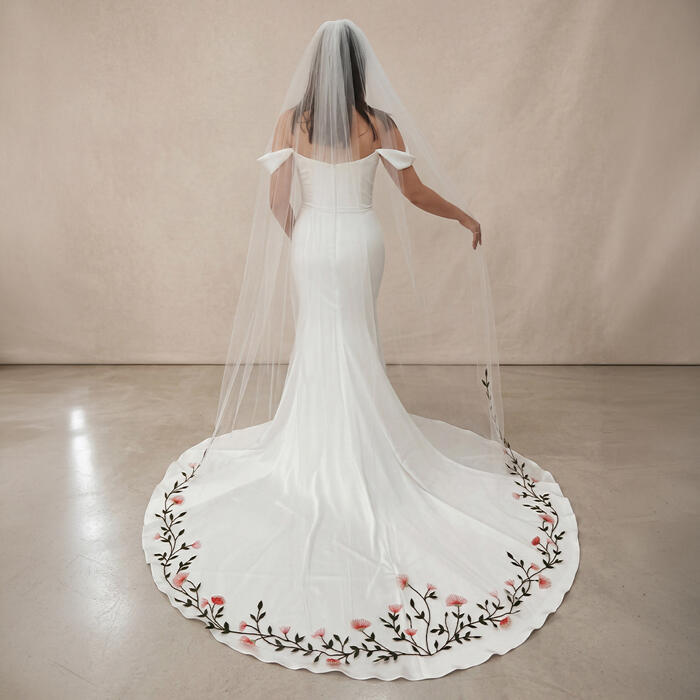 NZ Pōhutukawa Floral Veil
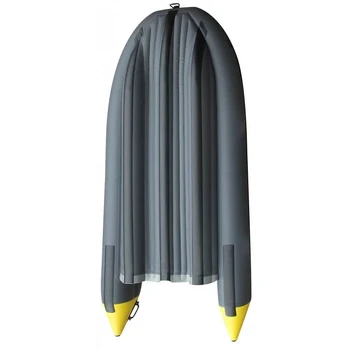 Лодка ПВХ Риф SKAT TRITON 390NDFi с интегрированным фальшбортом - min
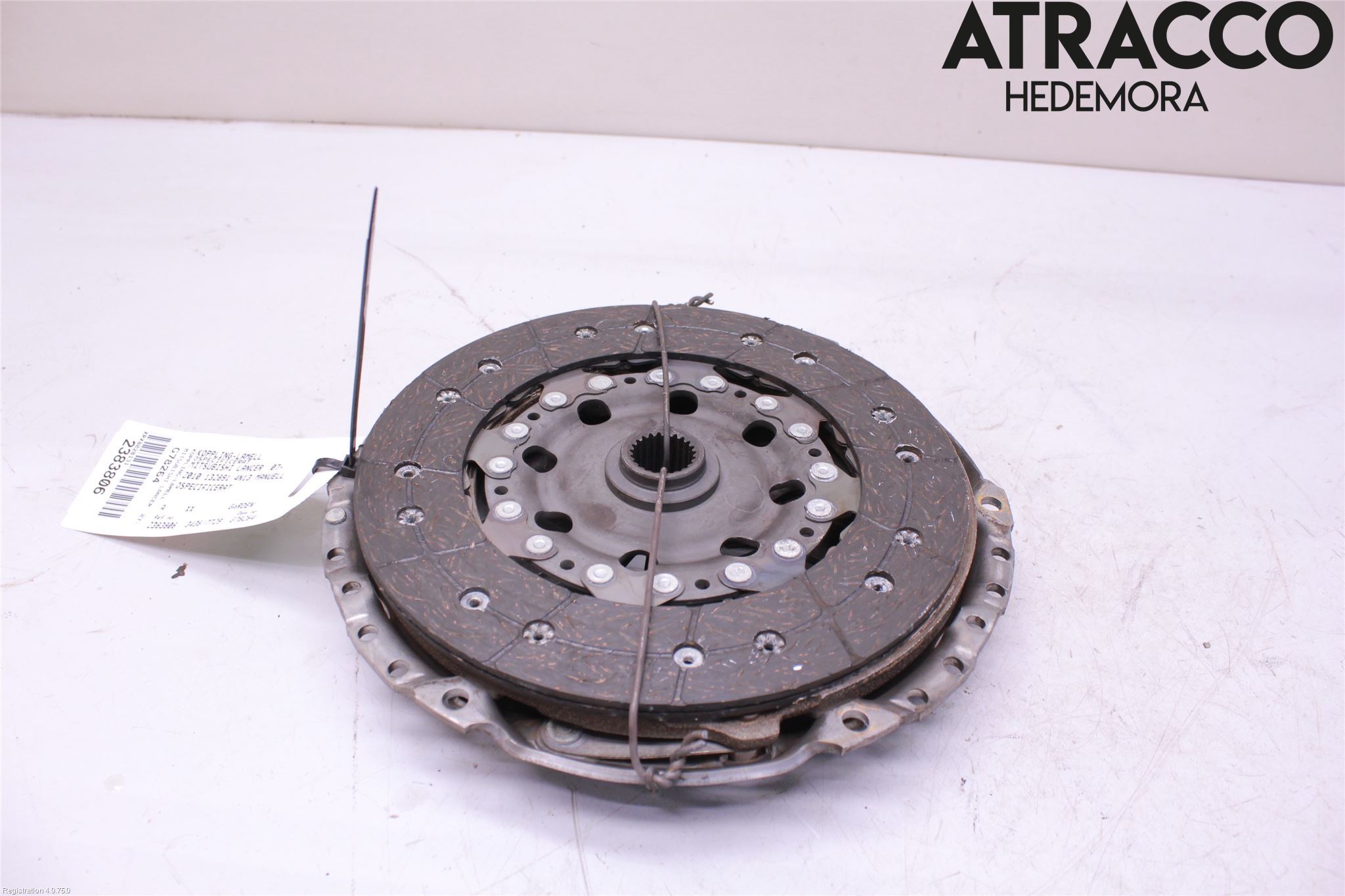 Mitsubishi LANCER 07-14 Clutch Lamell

* * *

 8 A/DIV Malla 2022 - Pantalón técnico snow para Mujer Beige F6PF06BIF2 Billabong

Task directions:
Pictures in the material above should be skipped; print exactly the lines from the one with "NZ Pōhutukawa Floral Veil" through the one with "Mitsubishi LANCER 07-14 Clutch Lamell".

Answer to the problem:
 NZ Pōhutukawa Floral Veil
 Лодка ПВХ Риф SKAT TRITON 390NDFi с интегрированным фальшбортом - min
 Mitsubishi LANCER 07-14 Clutch Lamell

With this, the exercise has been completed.